Questões de ortografia


Em questões ortográficas e semânticas o brasileiro, invariavelmente, apela para o Aurélio. Assim é como carinhosamente nos referimos ao Dicionário da Língua Portuguesa coordenado por Aurélio Buarque de Holanda Ferreira, membro da Academia Brasileira de Letras e da Academia Brasileira de Filosofia recentemente falecido. Editada pela Nova Froneira S.A., do Rio de Janeiro, a obra está na 39 ou 40 impressão e tem servido como referência básica para várias gerações, como se encarnasse a própria autoridade mentora da língua nacional.

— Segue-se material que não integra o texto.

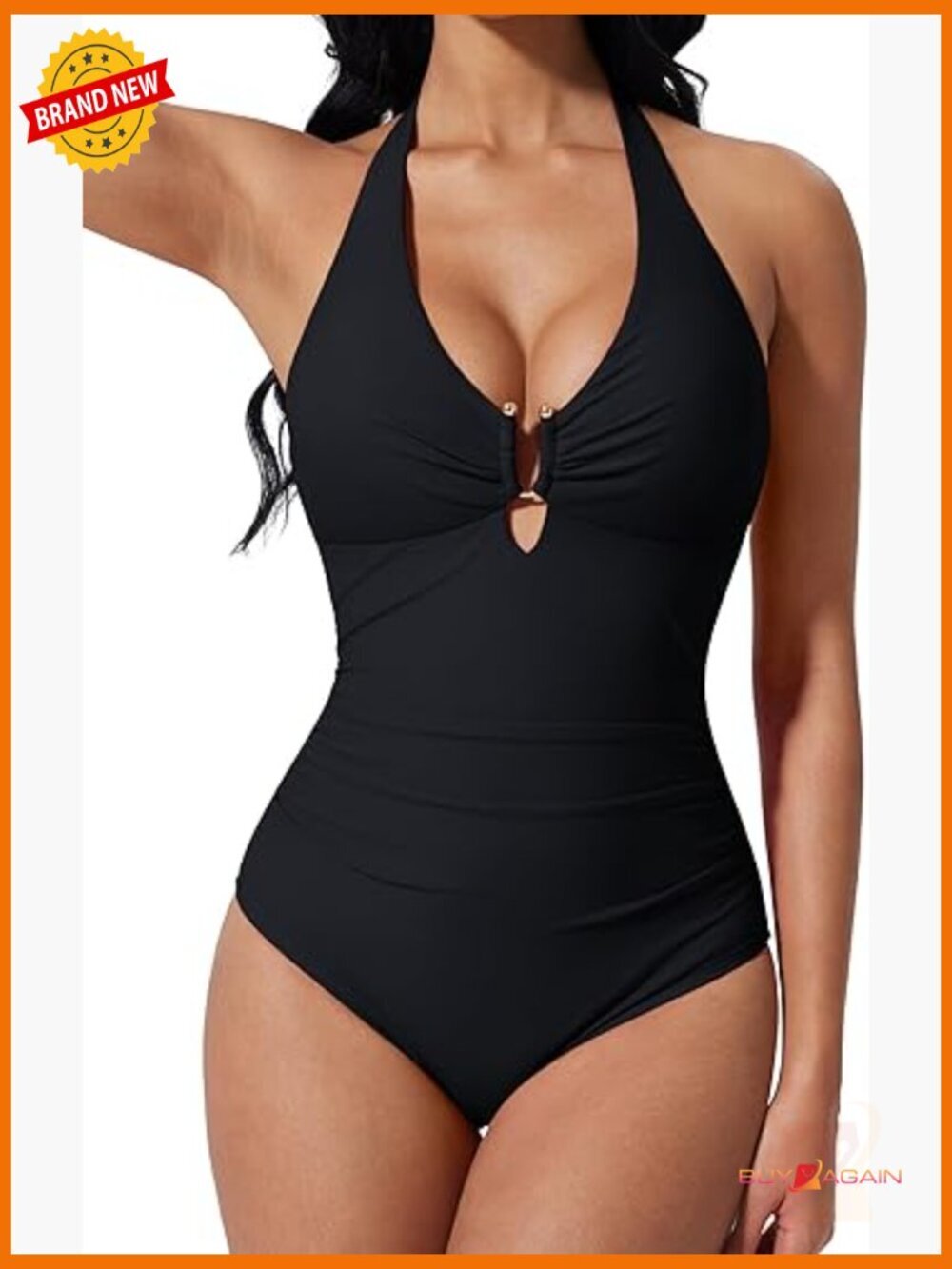 Sexy Tummy Control One Piece Swimsuit Halter U-Wire Bathing Suit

Há poucas semanas foi lançado um outro dicionário, coordenado também por um gigante de nossas letras, Antônio Houassis, falecido meses antes da obra ser publicada. Só o tempo dirá, entretanto, se o espaço justamente conquistado pelo Aurélio no coração do brasileiro vai ser dividido.
Na dúvida, é só procurar: mata-baiano, mata-barata, mata-bicho, mata-boi, mata-borrão, mata-burro, mata-cachorro, mata-cão, mata-cavalo, aí está. "[De matar + cavalo.] S.m. Bras. 1. Erva ruderal, muito dispersa, da família das solanáceas (Solanum aculeatissimum), caracterizada pela enorme quantidade de acúleos altamente pungentes no caule e nas folhas, as quais são lobadas, grandes e membranáceas, sendo os frutos bagas amarelas, ricas em sementes e pobres em polpa. 2. V. marimbondo-caçador. [Pl.: mata-cavalos.]" p.1101.

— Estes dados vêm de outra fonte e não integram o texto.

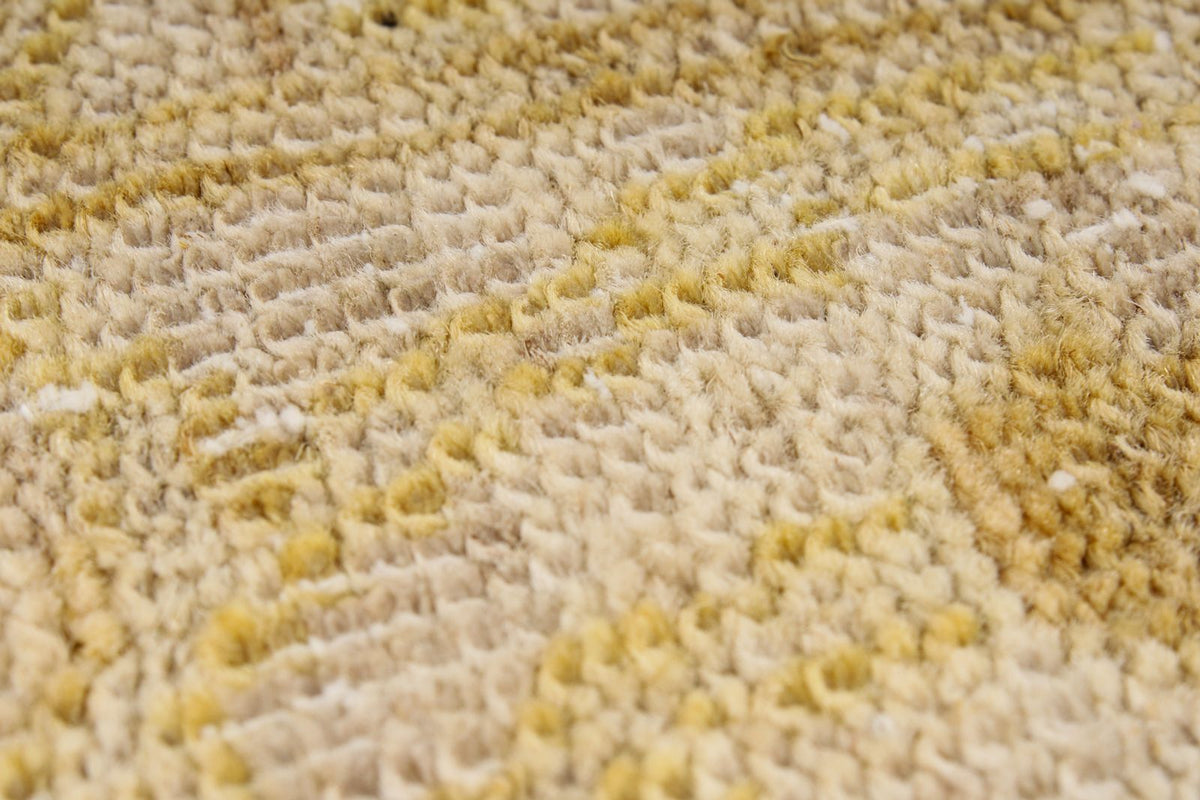 6x9 Ivory and Gold Turkish Oushak Rug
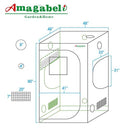 Amagabeli 48"x48"x80" Mylar Hydroponic Grow Tent for Indoor Plant Growing 4x4 with Observation Window Removable Floor Tray Reflective Adjustable Rope Hangers Tool Bag Room Box 4 by 4 Indoors Grow Kit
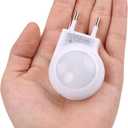 EU 2-pin Plug - Portable Plug-in 0.7W Travel LED Night Light with USB Wall Charger - 2 Pack of White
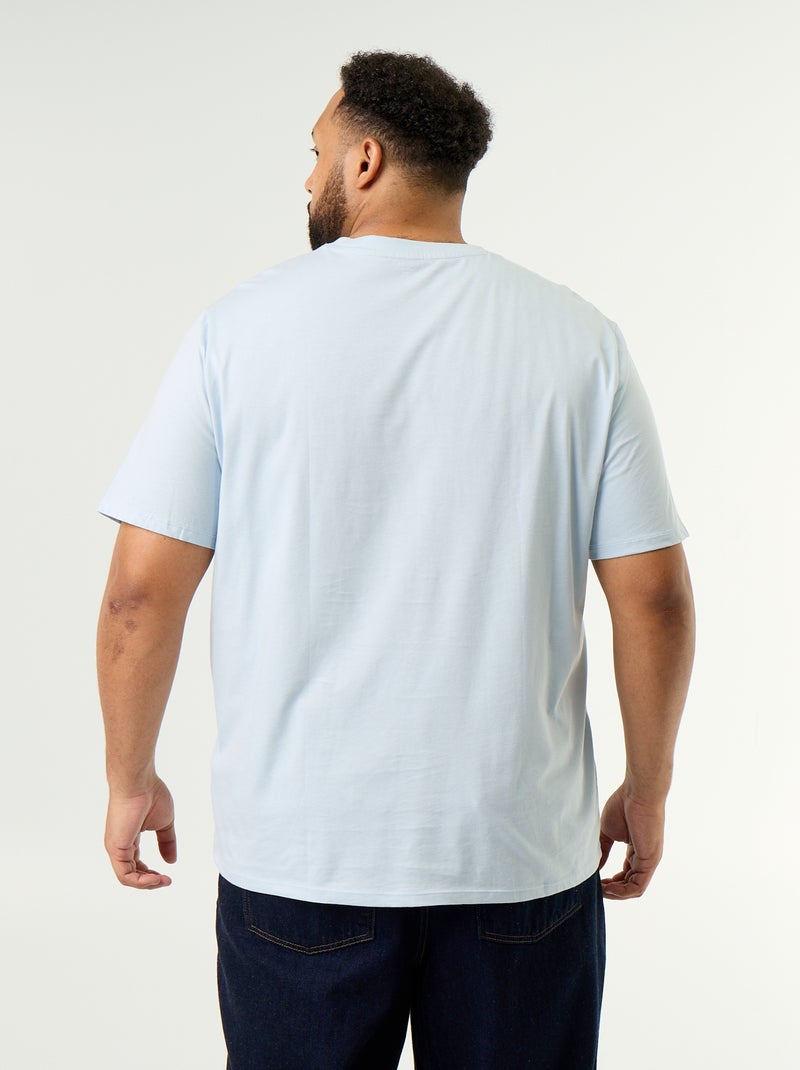 T-shirt en jersey à col en V Bleu - Kiabi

Essa dos acúleos (espinhos) altamente pungentes (perfurantes, que picam) lembra Cruz e Souza, de quem, aliás, o Aurélio destaca os versos de Faróis: "Como me embala toda essa pungência,/ Essas lacerações como me embalam,/ Como abrem asas brancas de clemência/ As harmonias dos violões que falam!" p. 1418.

Mas Mata-cavalo (com hífem) é também o nome de uma comunidade negra do Mato Grosso remanescente de quilombo.
O artigo 68 das Disposições Constitucionais Transitórias, da Constituição Federal de 88, determina a entrega dos títulos de propriedade aos "quilombolas". Até 1994, contudo, pouco havia sido feito. Com as comemorações dos 300 anos da morte de Zumbi, o herói negro nacional, o Presidente da República, Fernando Henrique Cardoso, que se refere a si mesmo como tendo um "pé na cozinha", entregou o título ao Quilombo de Boa Vista, inaugurando o processo de discriminação dessas terras.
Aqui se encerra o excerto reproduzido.